## THE PROBLEM
Take the material below and extract the lines from the one with "유창혁 바둑도장, 잠실 2호점 오픈" through the one with "F**K POCHETTE REVERSIBILE", word for word, without pictures.

___ DATA TO PROCESS ___

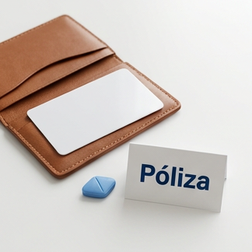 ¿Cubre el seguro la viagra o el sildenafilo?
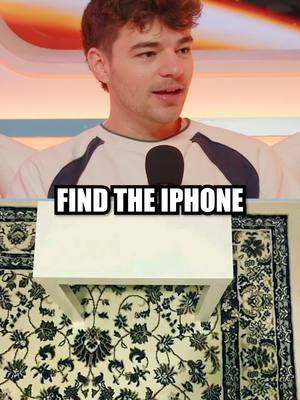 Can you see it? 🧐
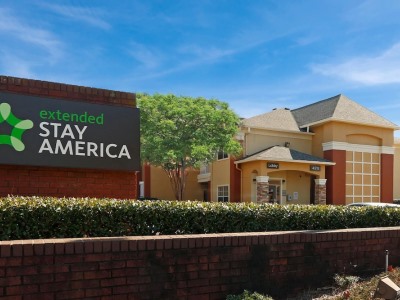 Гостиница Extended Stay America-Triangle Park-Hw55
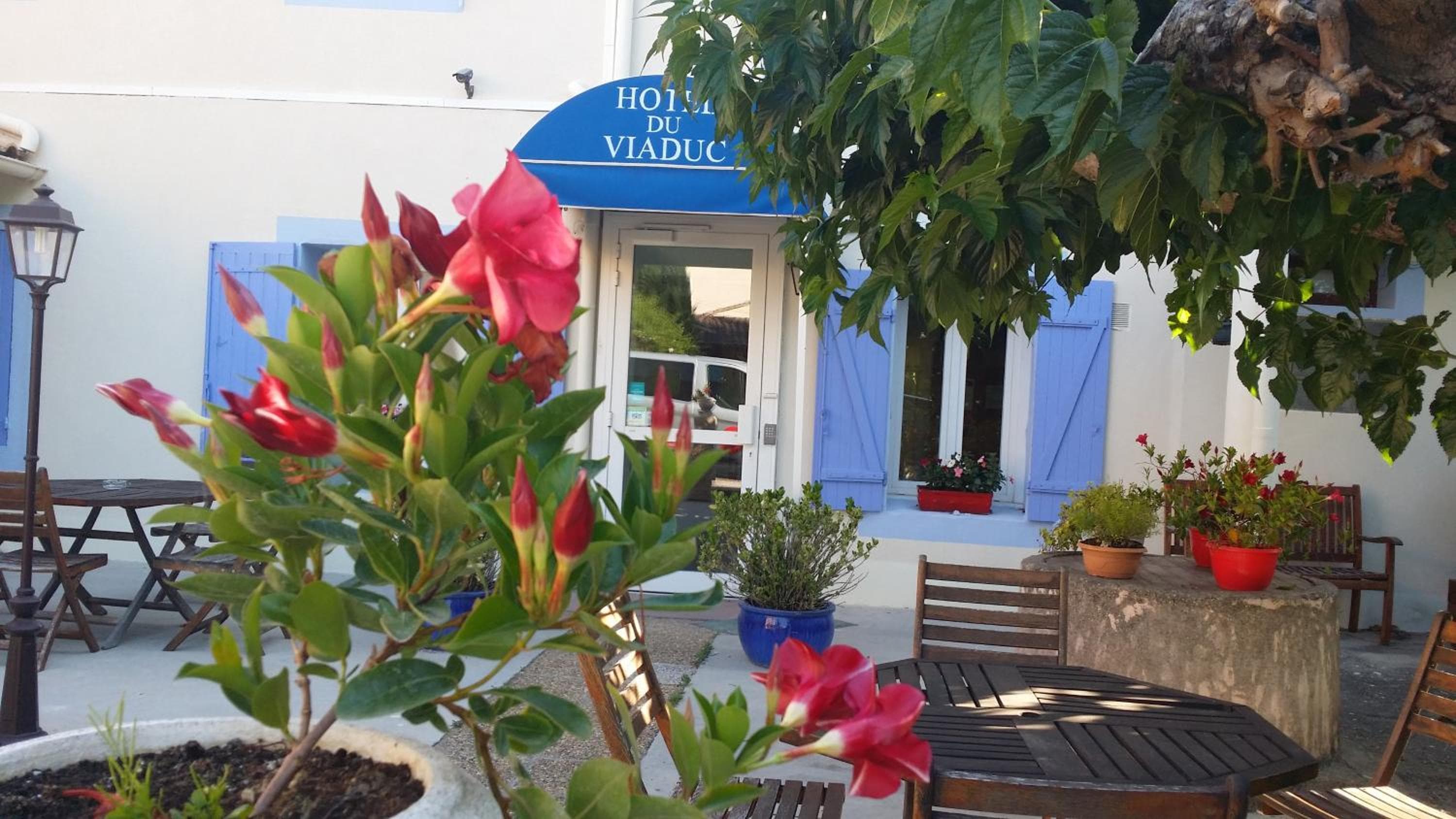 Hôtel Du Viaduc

___
___ DATA TO PROCESS ___

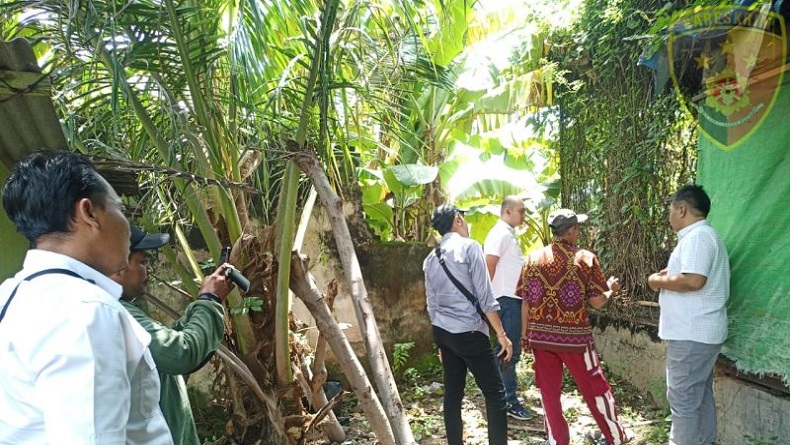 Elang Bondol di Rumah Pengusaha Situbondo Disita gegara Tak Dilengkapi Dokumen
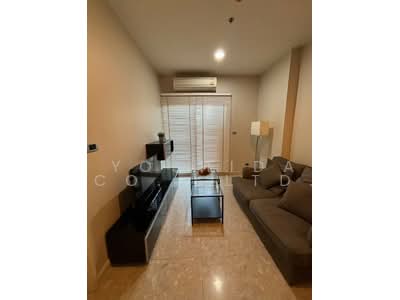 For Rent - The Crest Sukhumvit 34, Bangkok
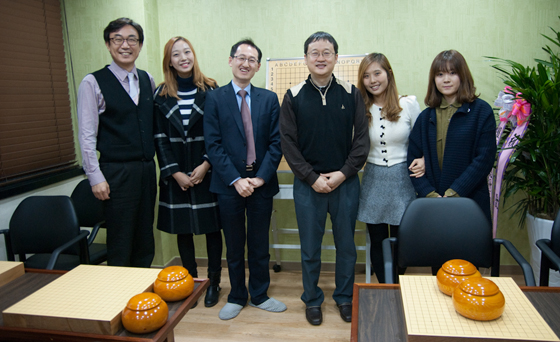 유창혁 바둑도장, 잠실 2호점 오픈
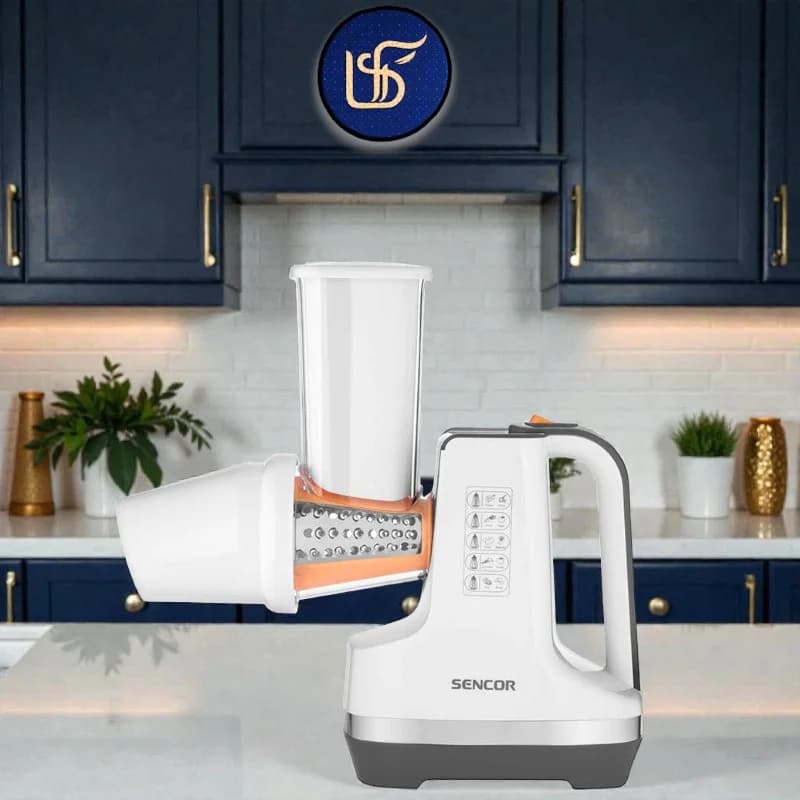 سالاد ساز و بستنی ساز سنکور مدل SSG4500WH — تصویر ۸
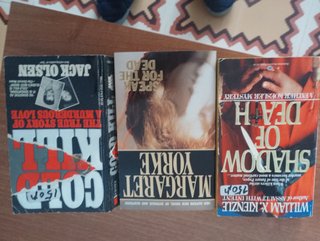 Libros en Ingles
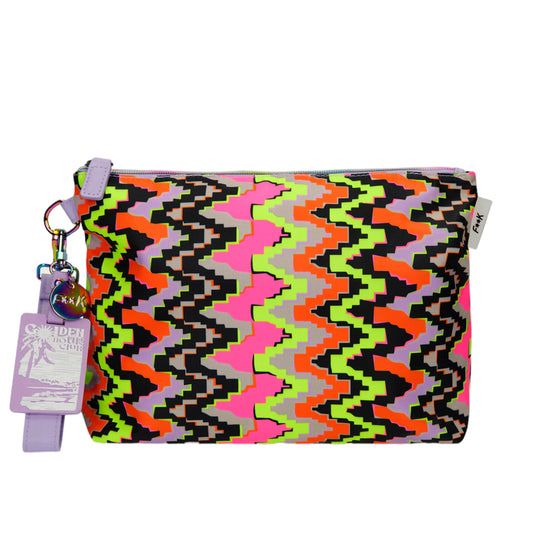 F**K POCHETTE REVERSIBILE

___
___ DATA TO PROCESS ___

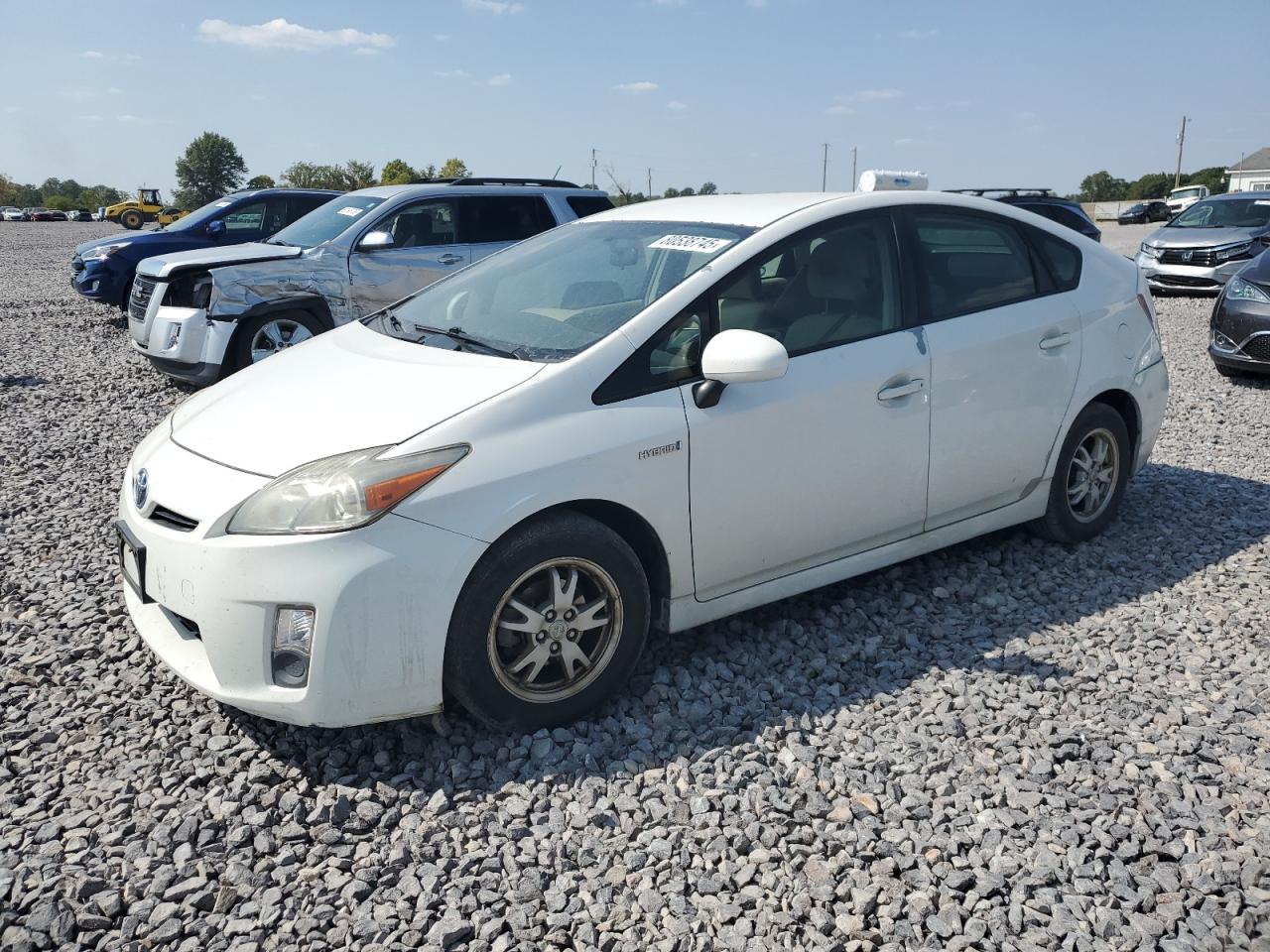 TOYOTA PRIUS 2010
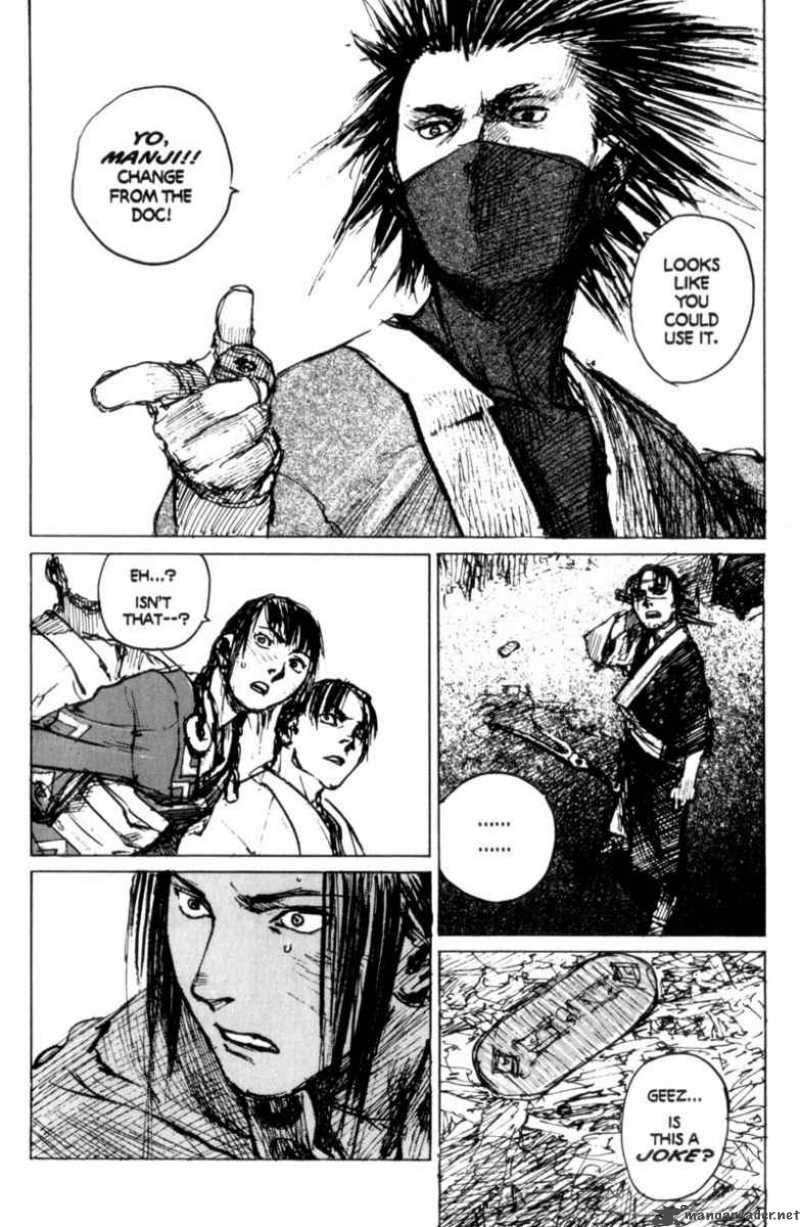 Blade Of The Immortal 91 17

___

## ANSWER BELOW
 유창혁 바둑도장, 잠실 2호점 오픈
 سالاد ساز و بستنی ساز سنکور مدل SSG4500WH — تصویر ۸
 Libros en Ingles
 F**K POCHETTE REVERSIBILE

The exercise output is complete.